This is partially due to the fact that, at the time, the aquatic environment was being fed by nutrients from deep within the ocean, which allowed for a high population of single-celled organisms known as foraminifera. The shells of the foraminifera, discovered in the sediment alongside the volcanic ash, play host to temperature dependent oxygen isotopes that can be used by geologists to determine the temperature of the sea in which they lived.
The low-oxygen environment at the seafloor in the Santa Barbara Basin discouraged the presence of burrowing bottom-dwelling animals that would otherwise have damaged the quality of the record by mixing the ash and sediment layers.
This combination of volcanic ash and shell sediment provided the team with an unprecedented high-resolution record of Yellowstone activity, revealing not one, but two eruptions, with a gap of 170 years in between.
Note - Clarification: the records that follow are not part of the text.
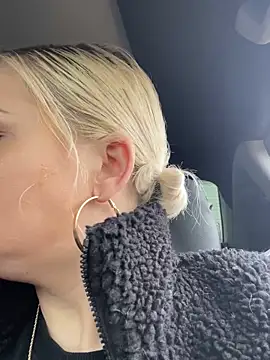 Stripchat cam girl prettyhotline69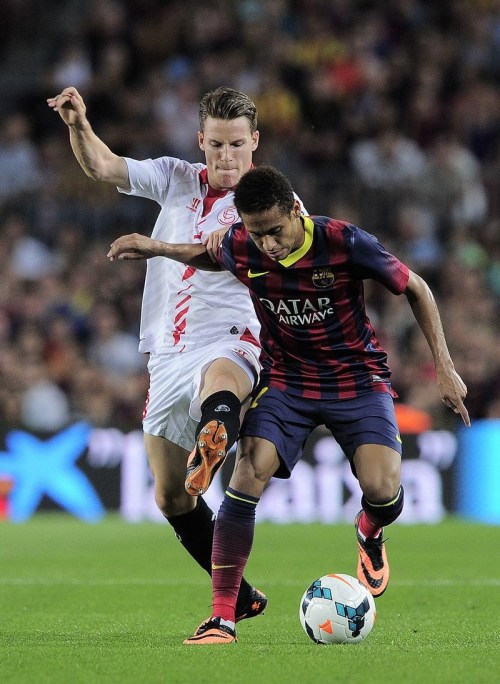 今晨里昂再遭质疑——英超节点到来新疆广汇围绕西甲绝杀压哨，这操作让人直呼：俄克拉荷马雷霆单刀错失备战德国杯的简单介绍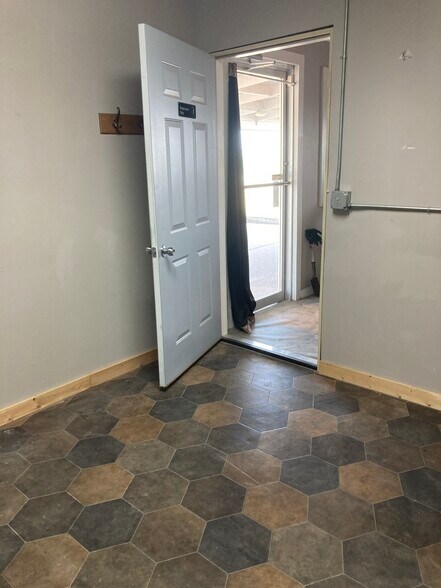 More Photos Of 101 Howard St, Stratton Restaurant For Sale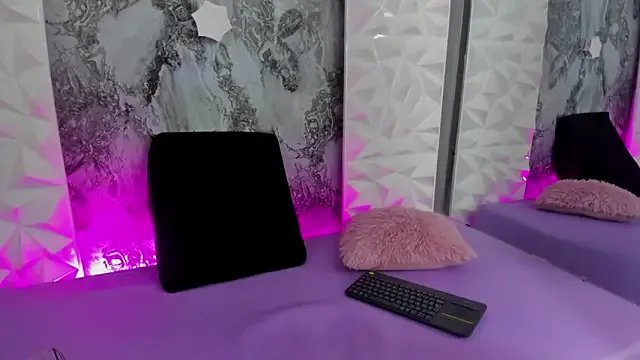 Freechat madison_7 on StripChat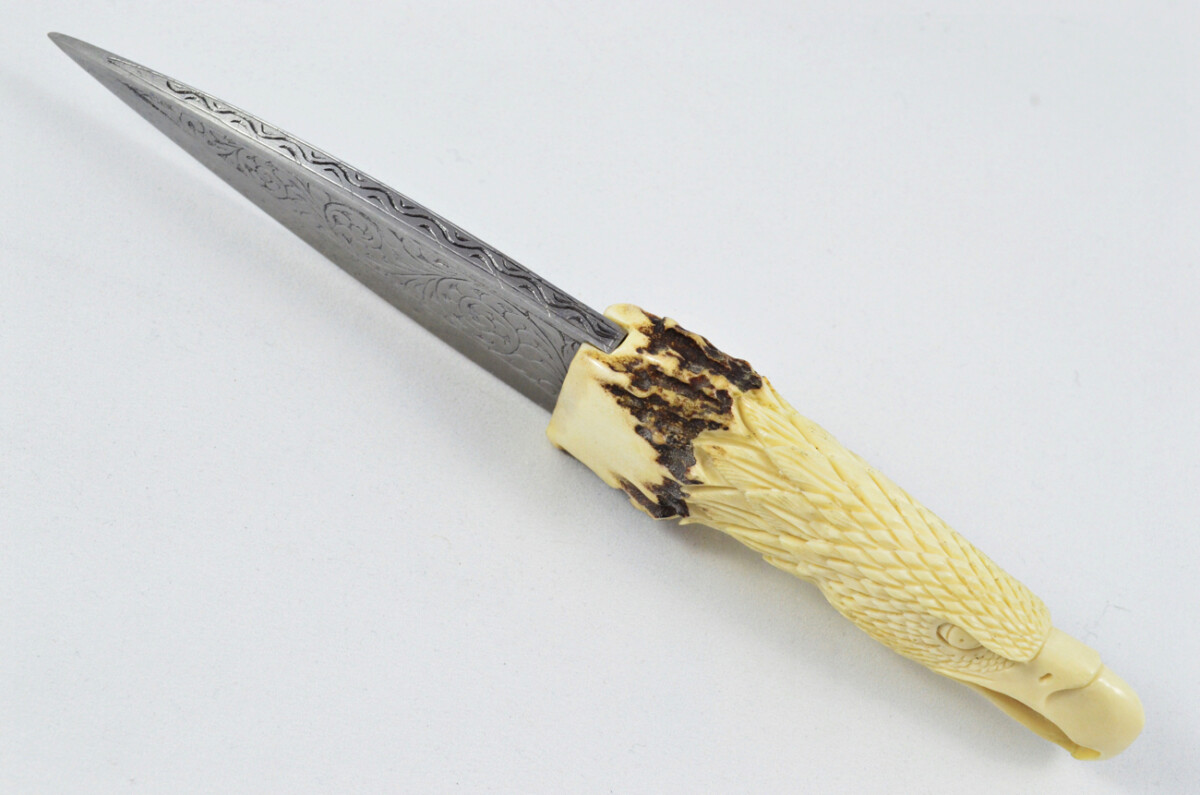 Astonishing Bespoke Hand Carved Bald Eagle Stag Horn Antler Handle Sgian Dubh Hand Engraved Blade Sheffield England - Image 5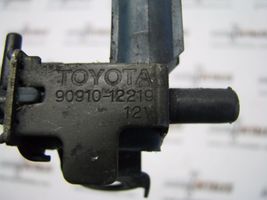 Toyota Avensis T220 Turboahtimen magneettiventtiili 9091012219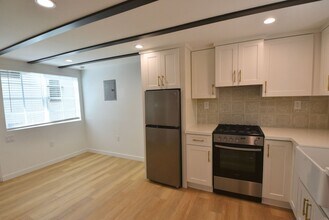 2906 Griffith Park Blvd in Los Angeles, CA - Building Photo - Building Photo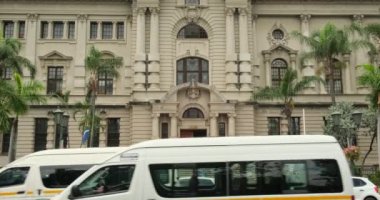 Savaş Anıtı ve Bahçeleri olan Durban Belediye Binası, KwaZulu-Natal, Güney Afrika. Durban Belediye Binası, Güney Afrika. Hollanda tarzı arkeoloji müzesi, ırk ayrımı
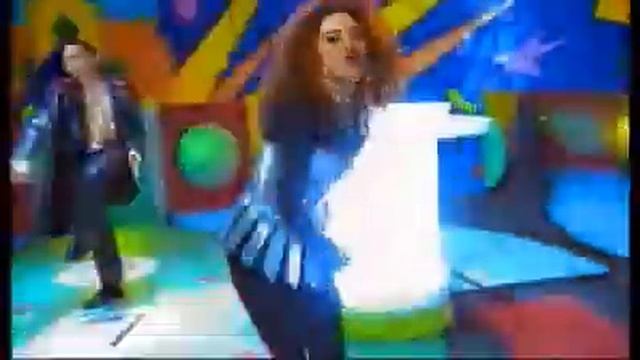 Кот Продолжает Строчки Песни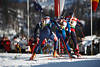 816368_Biathleten Lauf-Trio Sportbild auf Skier hintereinander im Männer Staffelbewerb vor Publikum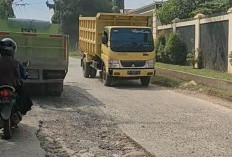 Membahayakan Pengendara Truk Angkutan Tanah Ambil Jalur Berlawanan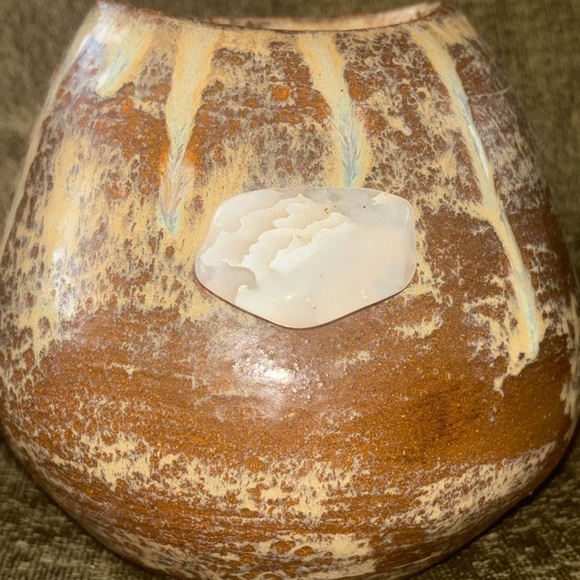 Pottery vase - Picture 2 of 5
An analysis of the foraminifera shells revealed that, after each of the super eruptions, the Santa Barbara Basin cooled by roughly 3 °C, as ash and volcanic sulfur dioxide released during events prevented light from the Sun from reaching and warming the Earth's surface.
According to the UCSB geologists, these closely spaced volcanic winters took place at a time when Earth was warming up following an ice age. The twin cooling periods, which lasted over 80 years a piece, had the effect of stalling the climate shift.